Les Assemblées générales de la BAD placent au cœur de leur problématique les moyens pratiques de « mobiliser le financement du secteur privé pour le climat et la croissance verte en Afrique », conformément au thème des assemblées de cette année.

« L’Afrique a besoin d’être accompagnée pour s’adapter au changement climatique et le maître-mot, c’est la mobilisation des financements. Nous avons besoin de tous les capitaux, que la provenance soit locale ou étrangère. »

Ce thème a été choisi pour attirer l’attention sur le besoin urgent de financement de la lutte contre le changement climatique. « Où que l’on regarde en Afrique aujourd’hui, le changement climatique fait des ravages », a déclaré Akinwumi Adesina. Dans le Sahel, les températures plus élevées assèchent les réserves d’eau, provoquant un stress hydrique pour les cultures et le bétail et aggravant l’insécurité alimentaire. La restauration du bassin du lac Tchad devient une priorité ; elle permettra de réduire la crise sécuritaire de la région, juge la BAD.

Dans de vastes régions d’Afrique de l’Est et d’Afrique australe, ainsi que dans la Corne de l’Afrique, la combinaison de sécheresses et d’inondations entraîne des pertes massives en termes de population et d’infrastructures, ce qui se traduit par un nombre croissant de réfugiés.

 

La transition énergétique n’est pas négociable

Il reste encore beaucoup à faire, car le financement du secteur privé africain en faveur du climat devra augmenter de 36 % par an. Pourtant, la BAD a consacré 63 % de son financement à la lutte contre le changement climatique, soit le taux le plus élevé de toutes les banques multilatérales de développement.
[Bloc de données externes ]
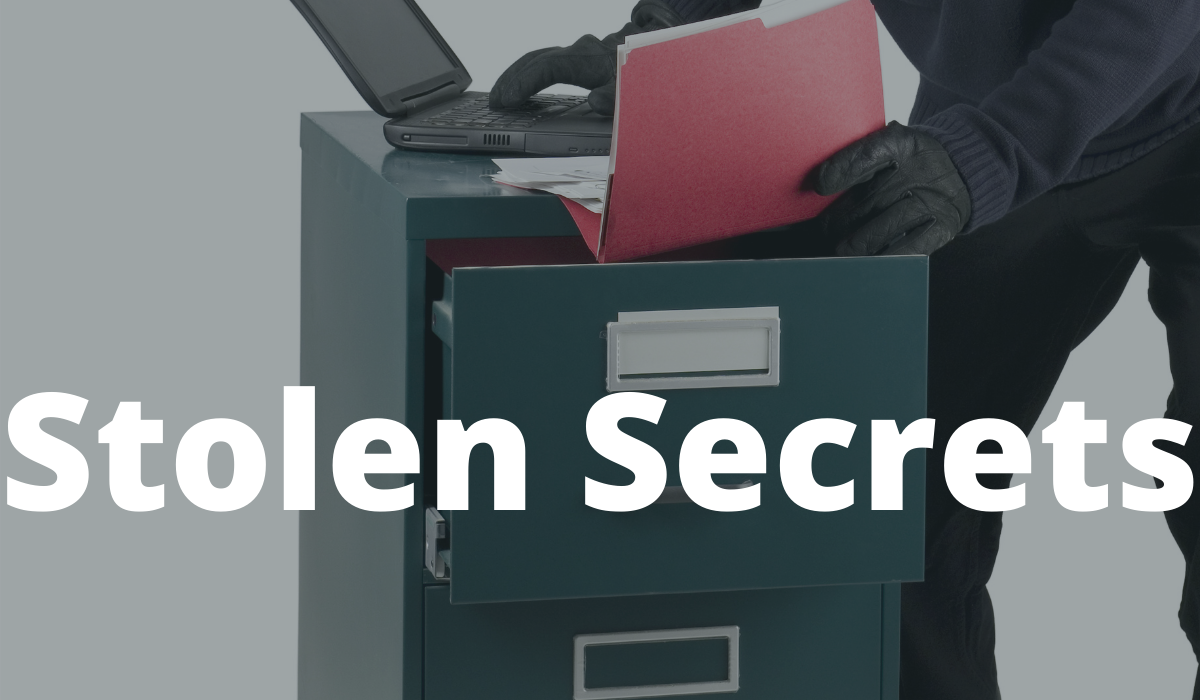 Stolen Secrets Banner featuring a thief taking a red folder from a filing cabinet with a laptop.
Par exemple, le nouveau guichet d’action climatique de la BAD soutiendra des millions d’agriculteurs en leur permettant d’accéder à des semences résistantes au climat. L’institution a également lancé l’initiative Desert to Power pour développer 10 000 mégawatts d’énergie solaire au profit de près de 250 millions de personnes dans le Sahel. Le président de la BAD a salué l’action de certains « pilotes » en matière d’énergie solaire, comme le Maroc.

Pour autant, a plaidé une nouvelle fois Akinwumi Adesina, il n’est pas question pour l’Afrique de renoncer aux énergies fossiles ; si l’investissement dans la transition énergétique « n’est pas négociable », les Africains doivent pouvoir exploiter leurs ressources, notamment le gaz.
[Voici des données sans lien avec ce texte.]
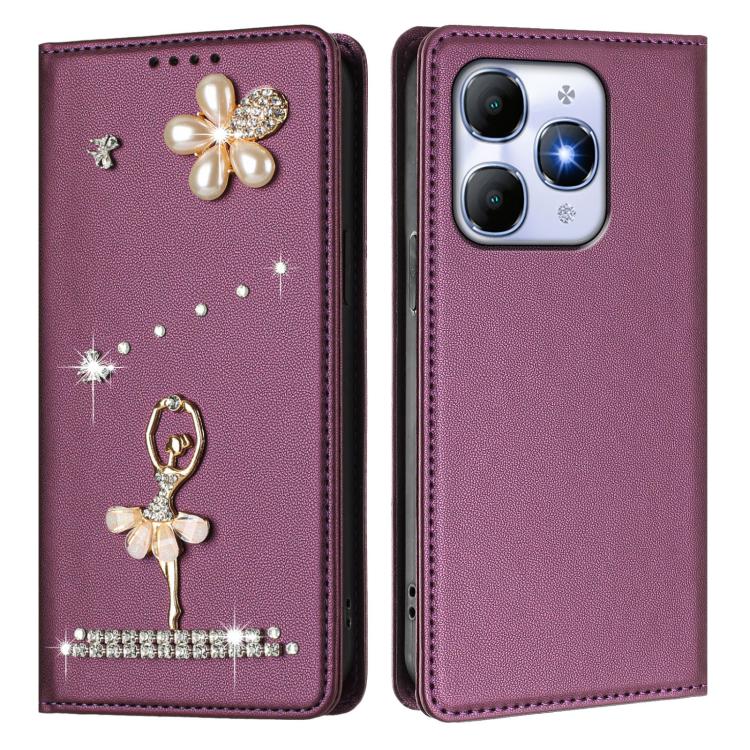 For itel A90 Ballet Girl Diamond Studded RFID Vegan Leather Phone Case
Akinwumi Adesina a salué certaines initiatives africaines comme le plan Maroc vert.
Akinwumi Adesina a salué certaines initiatives africaines comme le plan Maroc vert.

La BAD et le Centre mondial pour l’adaptation ont lancé le Programme d’accélération de l’adaptation en Afrique (AAAP) afin de mobiliser 25 milliards $ pour soutenir l’adaptation de l’Afrique au changement climatique. Elle a également créé l’Alliance pour les infrastructures vertes (AGIA), en partenariat avec d’autres institutions, afin de mobiliser 10 milliards $ d’investissements privés pour les infrastructures vertes.
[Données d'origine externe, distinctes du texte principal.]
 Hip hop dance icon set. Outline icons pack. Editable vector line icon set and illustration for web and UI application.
Et pourtant, selon les estimations de la BAD, l’Afrique aura besoin de 2 700 milliards $ d’ici à 2030 pour financer ses besoins en matière de changement climatique.

Et Akinwumi Adesina de marteler : « Si l’Afrique avait cet argent, le Sahel aurait de l’électricité. Si l’Afrique avait cet argent, nous rechargerions le bassin du Tchad, qui a fourni des moyens de subsistance à des millions de personnes au Tchad, au Nigeria, au Niger et au Cameroun. Tout changera dans tous ces pays ; nous reverdirons le Sahel. Nous assurerons chaque pays africain contre les événements climatiques catastrophiques. »

De son côté, le capital naturel mesuré de l’Afrique est estimé à lui seul à 6 200 milliards $ ; s’il est bien exploité, ce capital peut stimuler la croissance économique rapide et la création de richesses.